Preface - Neo4j Essentials (2015)

Neo4j Essentials (2015)

Preface

Understanding the data is the key to all systems and depicting analytical models on that data, which is built on the paradigm of real-world entities and relationships, are the success stories of large-scale enterprise systems.

Architects/developers and data scientists have been struggling hard to derive the real-world models and relationships from discrete and disparate systems, which consist of structured / un-structured data.

We would all agree that without any relationships, data is useless. If we cannot derive relationships between entities, then it will be of little or no use. After all, it's all about the connections in the data.

Coming from the relational background, our first choice would be to model this into relational models and use RDBMS.

No doubt we can use RDBMS, but relational models such as RDBMS focus more on entities and less on relationships between entities. There are certain disadvantages in using RDBMS for modeling the above data structure:

· Extensive Joins: While RDBMS can be made to replicate graphical ones, the extensive use of joins would make the technique quite slow.

· It is difficult to query and to handle complex queries and relationships where entities are linked deeply and at multiple levels.

Relationships are dynamic and evolving, which makes it more difficult to create models.

Let's consider the example of social networks:

Preface

Social networks are highly complex to define. They are agile and evolving. Considering the preceding example where John is linked to Kevin because of the fact that they work in the same company will be changed as soon as either of them switch companies. Moreover, their relationship IS_SUPREVISOR is dependent upon the company dynamics and is not static. The same is the case with relationship IS_FRIEND, which can also change at any time.

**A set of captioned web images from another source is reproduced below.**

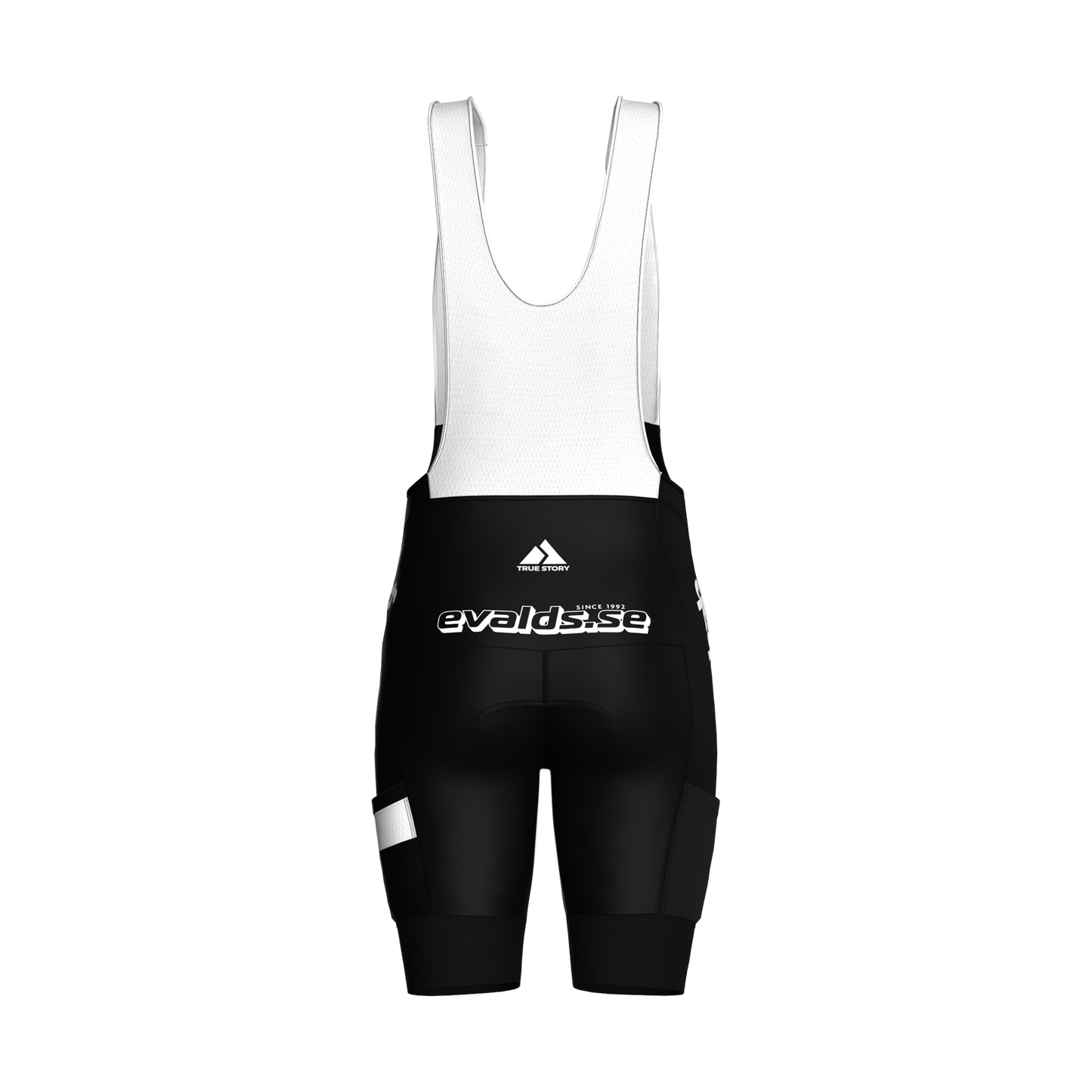 Lidköpings | SL210 | Classic cycling shorts Gradventure MEN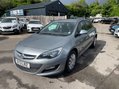 Vauxhall Astra 1.4 16v Exclusiv Euro 5 5dr 7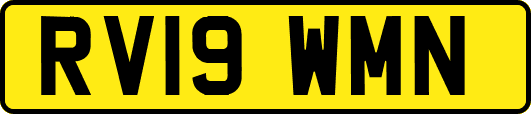 RV19WMN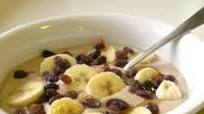Raw Banana Oatmeal Porridge Raw Banana Oatmeal Porridge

The following are some more use cases:

· Model and store 7 billion people objects and 3 billion nonpeople objects to provide an earth-view drill down from the planet to the sidewalk

· Network management

· Genealogy

· Public transport links and road maps

All the preceding examples state a need for a generic data structure, which can elegantly represent any kind of data and at the same time is it easy to query in a highly accessible manner.

Let's introduce a different form of database that focuses on relationships between the entities rather than the entities itself—Neo4j.

Neo4j as NoSQL database that leverages the theory of graphs. Though there is no single definition of graphs, here is the simplest one, which helps to understand the theory of graphs (http://en.wikipedia.org/wiki/Graph_(abstract_data_type)):

"A graph data structure consists of a finite (and possibly mutable) set of nodes or vertices, together with a set of ordered pairs of these nodes (or, in some cases, a set of unordered pairs). These pairs are known as edges or arcs. As in mathematics, an edge (x,y) is said to point or go from x to y. The nodes may be part of the graph structure, or may be external entities represented by integer indices or references."

Neo4j is an open source graph database implemented in Java.

Its first version (1.0) was released in February 2010, and since then it has never stopped. It is amazing to see the pace at which Neo4j has evolved over the years. At the time of writing this book, the current stable version is 2.1.5, released in September 2014.

Let's move forward and jump into the nitty-gritties of Neo4j. In the subsequent chapters, we will cover the various aspects of Neo4j dealing with installation, data modeling and designing, querying, performance tuning, security, extensions, and many more.

What this book covers

Chapter 1, Installation and the First Query, details the installation process of Neo4j. It briefly explains the function of every tool installed together with Neo4j (shell, server, and browser). More importantly, the chapter will introduce and help developers to get familiar with the Neo4j browser and run the first basic Cypher query using different methods exposed by Neo4j (shell, Java, browser, and REST).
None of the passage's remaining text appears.